Karthik Desingh is a Ph.D. candidate of Computer Science and Engineering at the University of Michigan. He works at The Laboratory for PROGRESS advised by Prof. Jenkins and is closely associated with Robotics Institute and Michigan AI. Desingh earned his B.E. in Electronics and Communication Engineering at Osmania University, India (2008), and M.S. in Computer Science at IIIT-Hyderabad (2013) and Brown University (2015). His research interests lie primarily in perception under uncertainty for goal-driven mobile manipulation tasks. Broadly towards solving problems in robotics and computer vision using probabilistic graphical models.

References

  1. Zhen Zeng, Zheming Zhou, Zhiqiang Sui, Odest Chadwicke Jenkins, Semantic Robot Programming for Goal-Directed Manipulation in Cluttered Scenes, ICRA 2018
  2. Generative Model, https://en.wikipedia.org/wiki/Generative_model
  3. Zhiqiang Sui, Lingzhu Xiang, Odest Chadwicke Jenkins, Karthik Desingh, Goal-directed Robot Manipulation through Axiomatic Scene Estimation, IJRR 2017
  4. Karthik Desingh, Odest Chadwicke Jenkins, Lionel Reveret, Zhiqiang Sui, Physically Plausible Scene Estimation for Manipulation in Clutter, Humanoids 2016
  5. Karthik Desingh Anthony Opipari, Odest Chadwicke Jenkins, Pull Message Passing for Nonparametric Belief Propagation, arXiv July 2018
  6. Karthik Desingh, Shiyang Lu, Anthony Opipari, Odest Chadwicke Jenkins, Factored Pose Estimation of Articulated Objects using Efficient Nonparametric Belief Propagation, ICRA 2019 (to appear)

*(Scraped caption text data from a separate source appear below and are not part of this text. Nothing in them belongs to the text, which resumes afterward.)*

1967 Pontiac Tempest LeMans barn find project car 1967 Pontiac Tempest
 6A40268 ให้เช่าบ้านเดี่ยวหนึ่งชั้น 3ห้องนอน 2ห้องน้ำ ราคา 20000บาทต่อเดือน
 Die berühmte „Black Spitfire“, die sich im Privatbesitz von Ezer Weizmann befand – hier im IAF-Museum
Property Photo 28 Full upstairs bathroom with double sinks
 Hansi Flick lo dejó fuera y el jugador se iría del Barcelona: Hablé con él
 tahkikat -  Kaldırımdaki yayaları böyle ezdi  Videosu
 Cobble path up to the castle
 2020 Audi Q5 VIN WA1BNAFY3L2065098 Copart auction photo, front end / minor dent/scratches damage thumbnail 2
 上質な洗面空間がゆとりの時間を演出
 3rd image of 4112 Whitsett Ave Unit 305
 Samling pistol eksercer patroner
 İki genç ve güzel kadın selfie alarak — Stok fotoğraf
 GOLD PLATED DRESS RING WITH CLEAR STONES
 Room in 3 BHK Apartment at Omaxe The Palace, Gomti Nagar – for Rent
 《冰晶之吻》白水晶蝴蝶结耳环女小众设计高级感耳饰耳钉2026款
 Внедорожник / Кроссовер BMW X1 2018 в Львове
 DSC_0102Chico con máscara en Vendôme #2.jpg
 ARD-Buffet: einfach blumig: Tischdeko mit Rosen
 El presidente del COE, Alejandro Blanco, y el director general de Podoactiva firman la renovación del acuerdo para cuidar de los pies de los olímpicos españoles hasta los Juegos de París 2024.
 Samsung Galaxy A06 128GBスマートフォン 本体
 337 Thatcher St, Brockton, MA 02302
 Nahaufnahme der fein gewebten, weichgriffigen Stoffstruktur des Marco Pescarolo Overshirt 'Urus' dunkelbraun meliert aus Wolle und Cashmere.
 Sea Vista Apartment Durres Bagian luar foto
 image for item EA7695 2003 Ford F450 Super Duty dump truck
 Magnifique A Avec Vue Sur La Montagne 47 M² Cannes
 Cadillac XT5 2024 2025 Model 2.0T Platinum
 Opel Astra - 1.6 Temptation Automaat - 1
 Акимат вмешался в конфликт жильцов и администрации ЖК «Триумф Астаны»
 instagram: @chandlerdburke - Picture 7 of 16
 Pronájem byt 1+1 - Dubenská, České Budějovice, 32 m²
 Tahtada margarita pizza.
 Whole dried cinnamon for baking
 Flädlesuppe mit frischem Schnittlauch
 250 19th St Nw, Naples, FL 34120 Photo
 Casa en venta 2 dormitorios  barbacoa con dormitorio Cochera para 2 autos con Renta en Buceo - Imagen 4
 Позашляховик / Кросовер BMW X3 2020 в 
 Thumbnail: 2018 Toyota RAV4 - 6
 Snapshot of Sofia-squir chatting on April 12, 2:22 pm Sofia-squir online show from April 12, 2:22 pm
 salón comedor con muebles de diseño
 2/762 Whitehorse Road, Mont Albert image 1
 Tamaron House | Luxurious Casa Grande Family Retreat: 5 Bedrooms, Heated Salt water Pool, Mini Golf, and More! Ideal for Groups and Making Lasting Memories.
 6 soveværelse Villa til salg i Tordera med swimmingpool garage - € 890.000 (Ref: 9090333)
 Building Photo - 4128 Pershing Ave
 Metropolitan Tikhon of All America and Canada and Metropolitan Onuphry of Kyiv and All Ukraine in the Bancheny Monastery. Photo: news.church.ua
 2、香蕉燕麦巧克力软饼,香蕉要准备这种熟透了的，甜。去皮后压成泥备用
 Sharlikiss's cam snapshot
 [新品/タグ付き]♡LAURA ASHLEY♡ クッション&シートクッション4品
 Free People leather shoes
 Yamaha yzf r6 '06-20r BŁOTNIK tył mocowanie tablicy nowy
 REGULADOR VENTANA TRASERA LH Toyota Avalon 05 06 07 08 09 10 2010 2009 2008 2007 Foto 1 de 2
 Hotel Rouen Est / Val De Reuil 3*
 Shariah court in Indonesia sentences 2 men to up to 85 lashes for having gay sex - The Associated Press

  7. Zhen Zeng, Yunwen Zhou, Odest Chadwicke Jenkins, Karthik Desingh, Semantic Mapping with Simultaneous Object Detection and Localization, IROS 2018
  8. Karthik Desingh, Anthony Opipari, Odest Chadwicke Jenkins, Analysis of Goal-directed Manipulation in Clutter using Scene Graph Belief Propagation, ICRA 2018 Workshop
  9. Dai, Angela and Ritchie, Daniel and Bokeloh, Martin and Reed, Scott and Sturm, J{\”u}rgen and Nie{\ss}ner, Matthias}, Scan, Complete: Large-Scale Scene Completion and Semantic Segmentation for 3D Scans, CVPR 2018.
  10. Rodney Brooks, “Steps Towards Super Intelligence,” Blog post consisting of four parts.